Well, we did finally leave the rig today for dinner and a little shopping.<
We headed out about 4:15 to first eat at the Golden Corral down on i-45. Jan had been ‘jonsing’ for some fried chicken, and GC has some of the best.
I like the fact that I can get a little of everything.
Afterwards we looped back around to the Home Depot so I could pick up some Plexiglass sheets to construct the air deflector for our rig’s AC cover. Hopefully it will redirect the airflow over the AC so it cools better while we’re on the road.
Then it was a quick stopover at the Kroger’s for a few things and then home.
Recently I’ve been thinking about unintended consequences and their effect on our lives. And what happens when they backfire.
You know, like in British Colonial India when the government started offering a bounty for dead cobras, hoping to reduce the deadly population.
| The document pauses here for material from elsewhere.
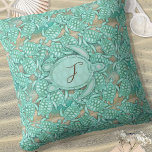 Tiny Turtles Sea and Sand Monogram ID696 Cushion<br><div class="desc">Hundreds of tiny baby turtles clamour over each other in this adorable throw pillow pattern in shades of turquoise blue,  sea and sand. Search ID696 to see other color options and products with this design.</div>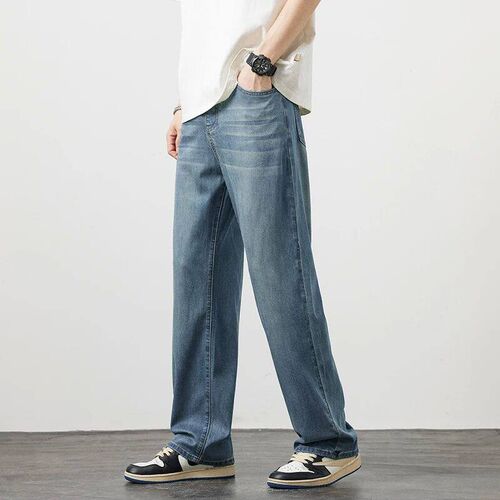 Summer Thin Mens Lyocell Loose Straight Jeans Soft Drape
For a while it worked . . . until people started breeding cobras so they could turn them in for the reward.
Then when the government scrapped the program, all of the now-worthless cobras were released, resulting in more cobras in the wild than they were to start with.
Oops!
Or when in1859 an Australian imported 24 wild rabbits from England and released them into the countryside so he could hunt them. But apparently they could make new bunnies faster than he could shoot them, because by the 1920’s, less than 70 years later the population was estimated to be over 10 billion. That’s BILLION, with a B.
By the 1890’s they had devastated over 2.5 million acres of Australia. Today, due to heavy eradication efforts, the rabbit population numbers around 200 million.
What’s up, doc?
Another example, as I mentioned in my Trinity Site blog post the other day, are the Oryx antelope that were imported to the White Sand area of New Mexico in the late 70’s.
The original 93 have grown to over 5000, more than there in the Kalahari desert where they came from. And since they have no natural predators (lions) here, they too are tuning into real pests.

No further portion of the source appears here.